A further exception to taking a hard line against responding to a natural scarcity by imposing price controls, some would argue, is the rare situation in which the consequence would be an intolerable gap between wealth and welfare. Suppose there is a highly limited supply of human growth hormone, so that if price is allowed to ration demand, all the hormone will be purchased by rich people who would want their sons and daughters of average height to be taller, and no hormone will be purchasable by poor people, or even people of average income, who have children who will be dwarfs unless they get the hormone; they simply are outbid by the rich. In such a case, there may well be a compelling moral argument for allocation of the limited supply on a basis other than price, presumably some utilitarian concept of welfare: aggregate happiness would be promoted by allocating the hormone on the basis of need rather than ability to pay. This was not a factor in the market's response to the incipient gasoline shortage caused by the hurricane.

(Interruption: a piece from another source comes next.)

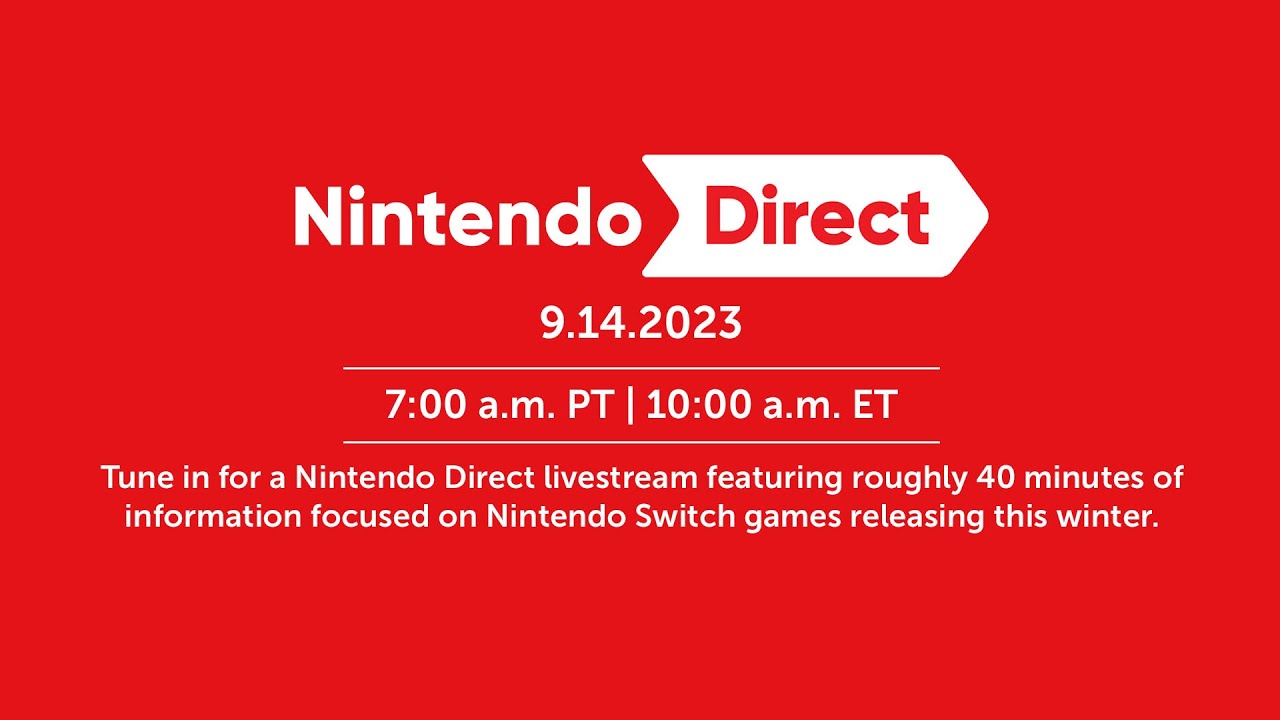 Nintendo Direct September 2023 - Nintendo Switch 2 to be revealed this  month, Gaming, Entertainment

Not only are the duress and welfare objections to price allocation inapplicable to the run up in gasoline prices but higher prices for gasoline are a source of substantial external benefits (that is, benefits not conferred on the parties to the transaction, so that the parties do not have an incentive to consider them in deciding on the price and other terms of the contract). By reducing the amount of driving and (if the higher prices persist) a switch to more fuel-efficient cars, higher gasoline prices cause a reduction in the amount of carbon dioxide emitted into the atmosphere--a major cause of global warming--while also reducing more conventional forms of automobile air pollution. A reduction in driving also reduces traffic congestion, which imposes costs in the form of delay on all drivers in congested areas. Finally, a reduction in the amount of oil consumed in the United States would make the nation more secure by reducing the wealth and economic leverage of the vulnerable, unstable, or hostile nations, such as Saudi Arabia, Iran, and Venezuela, that control so much of the world‚Äôs oil supply.
In short, the social benefits of gasoline "price gouging" appear to exceed the social costs by a large margin.